A metallic body floats at the interface of mercury of specific gravity 13.6 and water in such a way that 30% of its volume is submerged in mercury and 70% in water. Find the density of the metallic body.

Density of a Metallic Body Floating in Mercury and Water

Problem Statement

A metallic body floats at the interface of mercury and water in such a way that:

30% of its volume is submerged in mercury.
70% of its volume is submerged in water.
Specific gravity of mercury = 13.6

Determine the density of the metallic body.

Solution

1. Define the Equilibrium Condition

The total weight of the metallic body is equal to the buoyant force exerted by both mercury and water: \[ \rho g V = \rho_{\text{mercury}} g V_{\text{mercury displaced}} + \rho_{\text{water}} g V_{\text{water displaced}} \]

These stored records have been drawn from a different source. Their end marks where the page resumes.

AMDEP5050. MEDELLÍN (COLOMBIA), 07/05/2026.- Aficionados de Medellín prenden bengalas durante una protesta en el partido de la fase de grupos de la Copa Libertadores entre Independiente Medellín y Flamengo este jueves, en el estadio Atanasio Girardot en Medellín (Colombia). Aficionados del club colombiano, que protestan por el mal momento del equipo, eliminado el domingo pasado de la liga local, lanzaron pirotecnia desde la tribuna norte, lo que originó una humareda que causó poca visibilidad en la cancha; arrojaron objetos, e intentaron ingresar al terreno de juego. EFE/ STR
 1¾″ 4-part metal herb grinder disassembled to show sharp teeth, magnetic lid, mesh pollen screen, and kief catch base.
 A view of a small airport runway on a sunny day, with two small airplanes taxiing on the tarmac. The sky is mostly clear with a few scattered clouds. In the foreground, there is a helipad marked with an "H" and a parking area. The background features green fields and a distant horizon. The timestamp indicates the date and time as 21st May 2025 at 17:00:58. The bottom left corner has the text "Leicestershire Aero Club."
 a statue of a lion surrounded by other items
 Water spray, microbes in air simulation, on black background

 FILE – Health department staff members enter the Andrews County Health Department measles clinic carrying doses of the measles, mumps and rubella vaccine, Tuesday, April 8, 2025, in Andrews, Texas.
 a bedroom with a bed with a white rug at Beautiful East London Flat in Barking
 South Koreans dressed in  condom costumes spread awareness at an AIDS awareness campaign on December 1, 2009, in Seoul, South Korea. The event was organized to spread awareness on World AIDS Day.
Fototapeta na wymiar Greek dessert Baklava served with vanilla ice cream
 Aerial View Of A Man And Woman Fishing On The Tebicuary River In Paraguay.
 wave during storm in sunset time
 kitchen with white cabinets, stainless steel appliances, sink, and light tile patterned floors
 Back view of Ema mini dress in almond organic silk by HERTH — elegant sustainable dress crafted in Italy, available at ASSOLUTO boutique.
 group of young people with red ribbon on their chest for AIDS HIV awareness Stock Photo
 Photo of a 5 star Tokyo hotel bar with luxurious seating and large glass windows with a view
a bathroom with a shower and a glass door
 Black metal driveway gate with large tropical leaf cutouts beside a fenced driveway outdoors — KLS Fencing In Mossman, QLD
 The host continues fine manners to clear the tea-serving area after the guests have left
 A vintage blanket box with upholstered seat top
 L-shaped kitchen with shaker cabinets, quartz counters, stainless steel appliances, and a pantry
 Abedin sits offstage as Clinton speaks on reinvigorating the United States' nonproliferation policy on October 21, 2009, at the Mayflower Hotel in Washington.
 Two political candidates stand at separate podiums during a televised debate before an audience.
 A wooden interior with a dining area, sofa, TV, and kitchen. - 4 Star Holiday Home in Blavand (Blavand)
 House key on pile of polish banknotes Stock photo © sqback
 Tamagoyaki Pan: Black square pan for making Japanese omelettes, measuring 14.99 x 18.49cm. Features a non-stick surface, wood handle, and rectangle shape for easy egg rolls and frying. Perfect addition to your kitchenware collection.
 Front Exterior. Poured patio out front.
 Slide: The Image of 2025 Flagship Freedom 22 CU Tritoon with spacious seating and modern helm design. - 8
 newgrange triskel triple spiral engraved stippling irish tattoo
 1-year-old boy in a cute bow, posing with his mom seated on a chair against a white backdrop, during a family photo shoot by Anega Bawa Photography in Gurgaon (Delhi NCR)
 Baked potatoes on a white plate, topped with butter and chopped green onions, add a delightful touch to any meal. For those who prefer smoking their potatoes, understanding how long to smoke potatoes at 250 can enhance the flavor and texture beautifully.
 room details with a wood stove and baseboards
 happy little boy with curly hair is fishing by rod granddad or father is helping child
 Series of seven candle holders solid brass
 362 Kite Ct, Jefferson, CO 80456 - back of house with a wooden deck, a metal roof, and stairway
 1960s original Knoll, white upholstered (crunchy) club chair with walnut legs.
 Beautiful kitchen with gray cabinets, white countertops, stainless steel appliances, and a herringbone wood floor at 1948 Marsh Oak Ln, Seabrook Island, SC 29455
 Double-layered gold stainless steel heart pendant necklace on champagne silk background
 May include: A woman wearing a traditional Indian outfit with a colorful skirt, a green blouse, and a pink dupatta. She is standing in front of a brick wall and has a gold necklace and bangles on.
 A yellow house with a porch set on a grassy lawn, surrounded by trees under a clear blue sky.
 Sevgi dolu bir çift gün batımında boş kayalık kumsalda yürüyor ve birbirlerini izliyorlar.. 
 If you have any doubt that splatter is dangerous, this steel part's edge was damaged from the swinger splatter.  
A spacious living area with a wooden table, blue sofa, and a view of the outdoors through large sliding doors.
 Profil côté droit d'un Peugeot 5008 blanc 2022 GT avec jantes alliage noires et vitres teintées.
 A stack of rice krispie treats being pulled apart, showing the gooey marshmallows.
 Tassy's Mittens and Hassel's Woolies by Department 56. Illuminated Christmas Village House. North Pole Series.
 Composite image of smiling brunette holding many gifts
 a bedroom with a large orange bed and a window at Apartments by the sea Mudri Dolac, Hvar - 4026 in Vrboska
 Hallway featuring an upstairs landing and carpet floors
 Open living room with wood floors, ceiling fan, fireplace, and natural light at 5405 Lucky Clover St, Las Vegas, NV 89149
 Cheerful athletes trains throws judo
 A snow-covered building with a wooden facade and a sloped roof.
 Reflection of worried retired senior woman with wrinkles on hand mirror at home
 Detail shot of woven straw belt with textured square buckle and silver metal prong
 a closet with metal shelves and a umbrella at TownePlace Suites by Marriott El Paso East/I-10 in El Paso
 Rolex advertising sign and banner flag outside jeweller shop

2. Substitute Given Values

Since \( V_{\text{mercury displaced}} = 0.3V \) and \( V_{\text{water displaced}} = 0.7V \): \[ \rho \times 9.81 \times V = (13.6 \times 1000 \times 9.81 \times 0.3V) + (1000 \times 9.81 \times 0.7V) \]

3. Solve for \( \rho \)

\[ \rho = \frac{(13.6 \times 1000 \times 0.3) + (1000 \times 0.7)}{1} \] \[ = \frac{(4080) + (700)}{1} \] \[ = 4780 \text{ kg/m}^3 \]

Final Result:

Density of the metallic body: 4780 kg/m³

Explanation

1. Floating Equilibrium:
The metallic body remains at rest at the interface of mercury and water because the total buoyant force acting on it is equal to its weight. The buoyant force is contributed by both mercury and water.

2. Archimedes’ Principle:
According to Archimedes’ principle, the buoyant force on an object is equal to the weight of the displaced fluid. Here, the metallic body displaces two fluids: mercury and water.

3. Calculation Approach:
– The fraction of the metallic body submerged in each fluid is known (30% in mercury and 70% in water). – Using the density of mercury (\(13.6 \times 1000\) kg/m³) and water (1000 kg/m³), we calculate the total buoyant force. – Equating the total buoyant force to the weight of the metallic body allows us to determine its density.

4. Importance of Density:
The obtained density of 4780 kg/m³ indicates that the metallic body is denser than water but much less dense than mercury. This is why it partially submerges in both fluids instead of floating completely on one.

Physical Meaning

1. Industrial Applications:
The concept of floating at the interface of two fluids is applied in density measurement, separation of materials, and metallurgical processes.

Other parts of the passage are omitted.